The final instalment tells of the gradual withdrawal of Quakers from the USSR, completed in 1931. Of continuing interest, however, is the summary of the subsequent lives of the volunteers. These are individual and varied. But there are more layers to this account than the individual figures. The origins of the planning and communications – first between British and US Friends and their governments, and then with the rapidly-changing Russian authorities and Russian relief organisations – are documented in all their demanding complexity. This was relief on a vast scale.
The book also reflects on the difficulties of working with regimes and individuals whose behaviour runs counter to the Quaker way. Russia’s representative on relief organisations was a member of what was to become the KGB.

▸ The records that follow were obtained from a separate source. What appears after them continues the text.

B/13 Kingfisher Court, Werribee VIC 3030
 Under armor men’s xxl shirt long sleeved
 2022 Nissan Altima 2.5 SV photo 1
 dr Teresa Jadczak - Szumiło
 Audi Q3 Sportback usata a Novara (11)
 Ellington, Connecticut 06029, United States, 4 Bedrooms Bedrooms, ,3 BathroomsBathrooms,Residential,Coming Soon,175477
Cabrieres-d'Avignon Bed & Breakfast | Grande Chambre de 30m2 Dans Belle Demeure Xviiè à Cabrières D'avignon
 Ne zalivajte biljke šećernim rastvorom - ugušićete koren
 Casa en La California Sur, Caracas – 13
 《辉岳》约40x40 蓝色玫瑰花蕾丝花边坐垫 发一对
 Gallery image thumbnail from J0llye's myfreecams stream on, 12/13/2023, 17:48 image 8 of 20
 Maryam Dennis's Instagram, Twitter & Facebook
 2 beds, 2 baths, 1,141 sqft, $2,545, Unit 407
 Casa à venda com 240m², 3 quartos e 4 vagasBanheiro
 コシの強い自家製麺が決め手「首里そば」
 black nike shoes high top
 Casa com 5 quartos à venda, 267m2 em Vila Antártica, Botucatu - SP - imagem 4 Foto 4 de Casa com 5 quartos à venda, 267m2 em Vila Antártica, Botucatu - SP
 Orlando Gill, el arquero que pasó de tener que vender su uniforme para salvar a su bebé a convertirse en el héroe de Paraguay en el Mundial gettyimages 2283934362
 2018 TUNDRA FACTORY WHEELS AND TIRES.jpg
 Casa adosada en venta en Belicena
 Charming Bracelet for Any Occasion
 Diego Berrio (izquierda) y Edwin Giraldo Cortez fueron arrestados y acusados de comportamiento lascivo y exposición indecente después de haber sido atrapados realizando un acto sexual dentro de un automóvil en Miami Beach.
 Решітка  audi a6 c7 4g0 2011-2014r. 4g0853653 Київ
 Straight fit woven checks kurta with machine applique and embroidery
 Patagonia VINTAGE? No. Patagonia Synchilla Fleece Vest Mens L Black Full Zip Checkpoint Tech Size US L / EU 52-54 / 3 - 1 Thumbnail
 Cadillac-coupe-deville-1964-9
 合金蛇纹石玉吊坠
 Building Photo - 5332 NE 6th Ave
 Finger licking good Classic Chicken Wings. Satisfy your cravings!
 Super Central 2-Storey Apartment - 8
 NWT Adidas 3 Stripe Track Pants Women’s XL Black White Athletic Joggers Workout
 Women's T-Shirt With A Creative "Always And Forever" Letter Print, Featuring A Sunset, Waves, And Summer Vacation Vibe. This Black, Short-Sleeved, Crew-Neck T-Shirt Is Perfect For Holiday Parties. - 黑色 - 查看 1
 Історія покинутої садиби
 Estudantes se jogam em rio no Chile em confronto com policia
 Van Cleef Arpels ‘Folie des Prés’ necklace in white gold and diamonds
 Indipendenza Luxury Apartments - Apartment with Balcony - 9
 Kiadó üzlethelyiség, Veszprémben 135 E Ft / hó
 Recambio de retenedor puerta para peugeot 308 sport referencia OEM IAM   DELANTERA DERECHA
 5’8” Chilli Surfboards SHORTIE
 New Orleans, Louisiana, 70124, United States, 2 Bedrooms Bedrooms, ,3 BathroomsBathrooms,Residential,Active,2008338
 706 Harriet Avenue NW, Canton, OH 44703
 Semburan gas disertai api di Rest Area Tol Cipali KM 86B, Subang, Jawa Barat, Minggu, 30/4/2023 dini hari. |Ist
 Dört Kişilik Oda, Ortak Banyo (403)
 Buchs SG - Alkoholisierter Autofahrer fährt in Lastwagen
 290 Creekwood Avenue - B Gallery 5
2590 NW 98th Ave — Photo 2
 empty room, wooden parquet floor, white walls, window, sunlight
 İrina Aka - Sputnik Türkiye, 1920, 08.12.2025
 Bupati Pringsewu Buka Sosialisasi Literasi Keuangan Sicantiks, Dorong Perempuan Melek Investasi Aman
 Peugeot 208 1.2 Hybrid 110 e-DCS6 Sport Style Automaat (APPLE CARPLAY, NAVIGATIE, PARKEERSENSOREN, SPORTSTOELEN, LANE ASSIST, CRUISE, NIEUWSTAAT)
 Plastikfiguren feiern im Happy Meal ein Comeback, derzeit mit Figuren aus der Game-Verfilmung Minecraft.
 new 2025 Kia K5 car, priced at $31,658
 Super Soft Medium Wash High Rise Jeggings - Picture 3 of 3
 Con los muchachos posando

For me, however, the most valuable part of the account is from Sergei Nikitin himself. He describes his response to learning that Friends came to Russia in fearful circumstances, with no idea of personal gain, simply to relieve suffering. His sense of finding what he was seeking in Quakerism is real and grounded. Actions of compassion and love, spirit-led, and carried out with trust tempered by realism, is powerful and effective, whatever our limitations and frustrations, doubts and fears. This is an inspirational story.
Comments
An excellent review of a fascinating book about an astonishing episode in Quaker history that might otherwise slip away into oblivion. It is meticulously detailed, and excellently translated.
As Daphne Sanders writes “the most valuable part of the account is from Sergei Nikitin himself” He learnt English because he liked the Beatles (he still does!)
His work for Amnesty in Moscow ended when Putin’s agents broke in to the Amnesty offices and changed the locks.
https://www.facebook.com/sergei.nikitin.52/posts/10211339256181191
It was Quaker intervention to relieve famine in post-WWI Europe that gave Rufus Jones the standing needed to meet with Reinhard Heydrich after the nightmare that was the Kristallnacht pogrom.